The difference between traditional lending system and P2P lending platforms

Traditional banks now work where risk is low. For new small or venture business, it is difficult to obtain loan. P2P lending works over the whole range of risk. In addition, low interest rate or risk based interest rate is an attractive option for P2P lending. Because of open playing ground, it is beneficial to both lender and borrower.

In general, financial institutions analyze customers’ credit risk using linear discriminant analysis to build score card system. A reliable model requires a large number of customers’ information for statistical analysis [2]. Recently, Machine Learning model has been applied in credit risk area, and shown to have a good accuracy at default prediction [1,2,3]. Data regarding risk related features, and a balance data, in which the number of timely paid borrowers are nearly the same as the number of default borrowers, would be able to properly train the classifier.

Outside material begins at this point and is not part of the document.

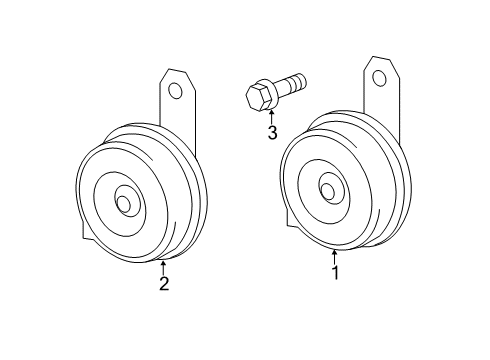 2023 Toyota RAV4 Prime Horn Diagram
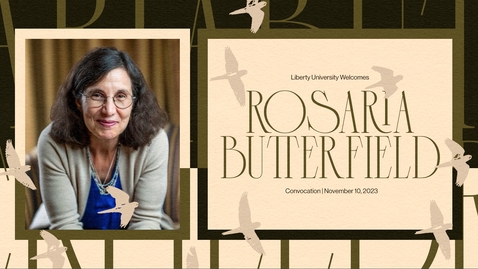 Thumbnail for entry Convocation with Rosaria Butterfield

However, in practice, the training data contain only a few borrowers who are default, where most of the borrowers’ payback in time. Training with such data, the classifier will be biased to predict all borrowers to be classified as good. This will give high overall accuracy with test data. High accuracy of prediction model doesn’t mean the model is good. It predicts correctly of non-defaulting borrowers which predominate the data, wherein fails for cases where the borrower defaulted. This is due to imbalance of available data [4, 5]. Under such circumstances, the model often converges to an overtrained model biased to the predominant class of the available data. How to achieve accurate prediction for bad borrowers is crucial. In addition, compared with traditional banking system, P2P lending do not have sufficient information about customer’s financial statistic and historical data. Moreover, the model is needed to be computationally light. How to find important features to reduce the cost of computing becomes another important issue. Fewer features improve the accuracy of classification and generalization, if selected properly.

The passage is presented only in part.